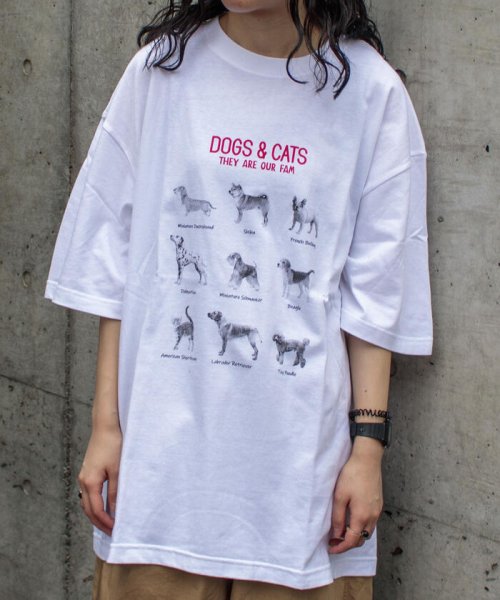 GLOSTER(GLOSTER)/【人気NO.1ヒットシリーズ】DOG&CAT 犬猫オーバーサイズTシャツ/img44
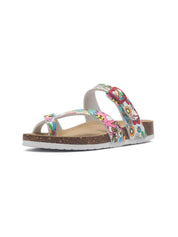Maibulun | Criss Cross Thong Toe Footbed Sandal - floral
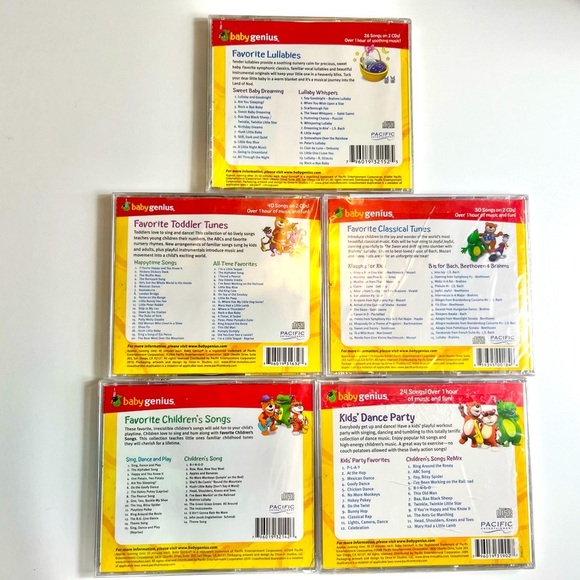 5 Baby Genius Children Lullabies Classical Dance Toddler Songs Never Opened CDs - Picture 2 of 5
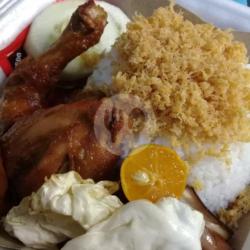 Ayam Kremess   Nasi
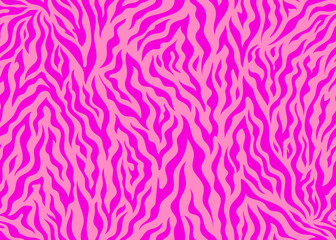 Pink Zebra seamless pattern design, vector illustration background. wildlife fur skin design illustration for web, banner, fashion, backdrop or surface design use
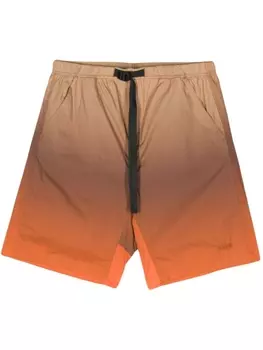 MSGM шорты-бермуды с эффектом градиента, синий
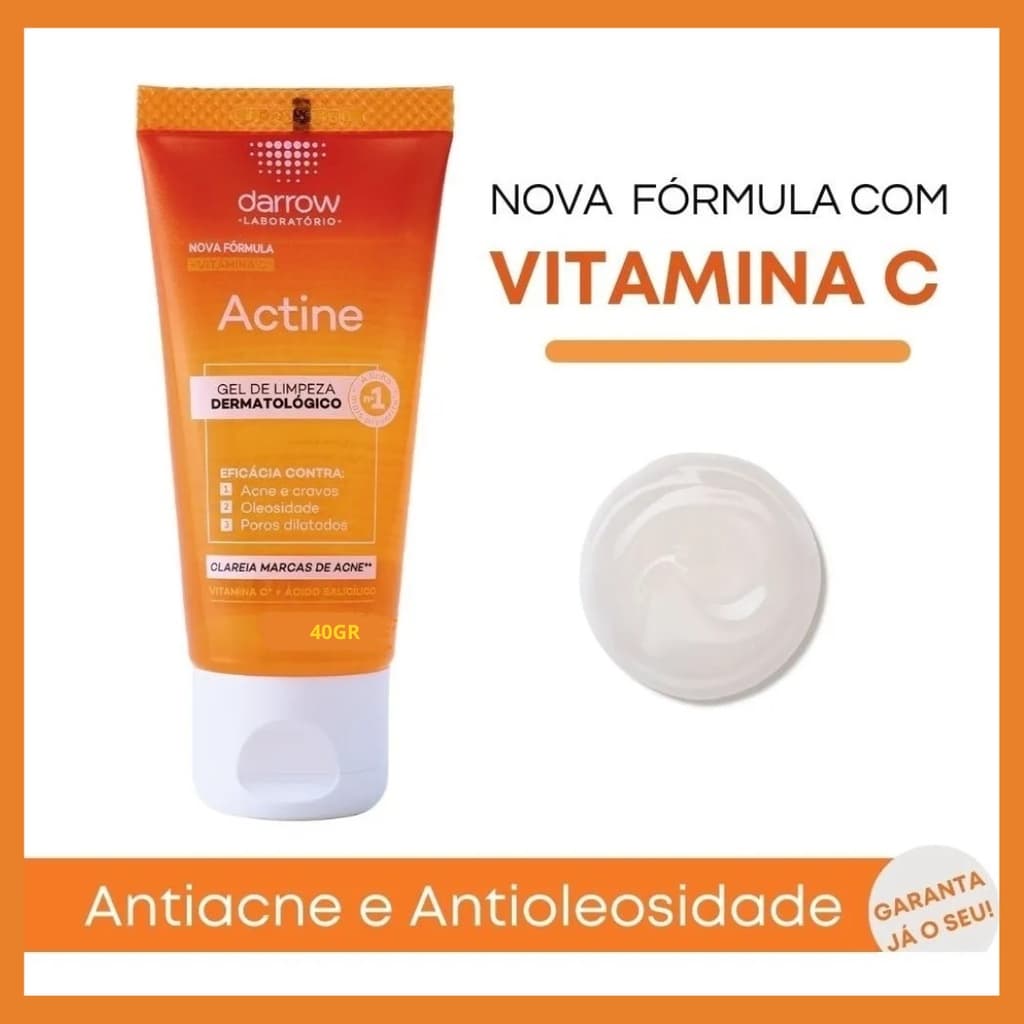 Actine Gel de limpeza com vitamina C 40 gr
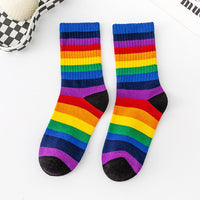 Bunte Gestreifte Socken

□ □ □ □

Exercise prompt: Copy out exactly the lines between the line that contains "Actine Gel de limpeza com vitamina C 40 gr" and the last line of the records, both ends included; leave out every picture.

Solution to the problem:
 Actine Gel de limpeza com vitamina C 40 gr
 Bunte Gestreifte Socken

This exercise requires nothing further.